1 Introduction

1.1 Libraries and datasets we will use

Load packages:

library(tidyverse)
library(haven)
library(labelled)


Load datasets:

# NCES Digest Table 204.10
load(url('https://github.com/anyone-can-cook/rclass1/raw/master/data/nces_digest/nces_digest_tbl_204_10.RData'))

# IPEDS EFFY Table
ipeds_table <- read_dta('https://github.com/anyone-can-cook/rclass1/raw/master/data/ipeds/effy/ey15-16_hc.dta', encoding = NULL)

1.2 Lecture overview

Creating analysis datasets often require changing the organizational structure of data. For example:

  • You want analysis dataset to have one obs per student, but your data has one obs per student-course
  • You want analysis dataset to have one obs per institution, but enrollment data has one obs per institution-enrollment level

Two common ways to change organizational structure of data:

  1. Use group_by() to perform calculations separately within groups and then use summarise() to create an object with one observation per group. Examples:
    • Creating objects containing summary statistics that are basis for tables and graphs
    • Creating student-transcript level GPA variable from student-transcript-course level data
  2. Reshape your data – called tidying in the R tidyverse world – by transforming columns (variables) into rows (observations) and vice versa
    • This is the focus of this lecture, where we will look at transforming untidy data into tidy data.

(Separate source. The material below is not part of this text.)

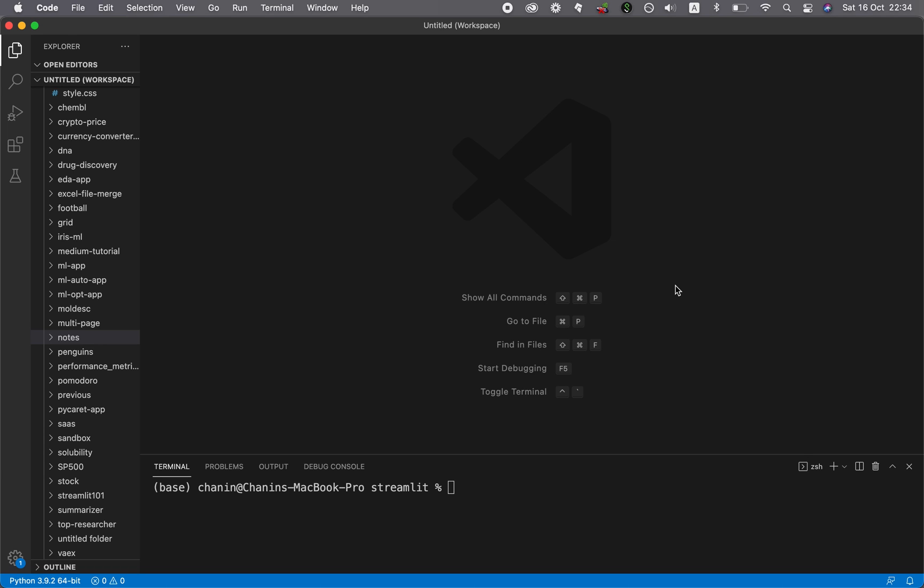And so in order to create a Conda environment, you must first install Conda into your computer. And so in a terminal, you want to type in conda create -n, which means that you want to create a new environment, and then you're going to give it a name.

Working with tidy data has many benefits:

  • It is a consistent way of storing data
  • R is also well-suited for working with tidy data due to its vectorized nature. There’s also many packages in tidyverse that are designed to work with tidy data, such as tidyr.

Show index and example datasets in tidyr package:

help(package="tidyr")

# Note that example datasets (table1, table2, etc) are listed in the index alongside functions
tidyr::table1

df1 <- table1
str(df1)

table2
table3

2 Data structure vs. data semantics

Before we define “tidy data”, we will spend significant time defining and discussing some core terms/concepts about datasets. This discussion draws from the 2014 article Tidy Data by Hadley Wickham.

Wickham (2014) distinguishes between data structure (layout) and data semantics (concepts).

2.1 Dataset structure

Dataset structure refers to the “physical layout” of a dataset.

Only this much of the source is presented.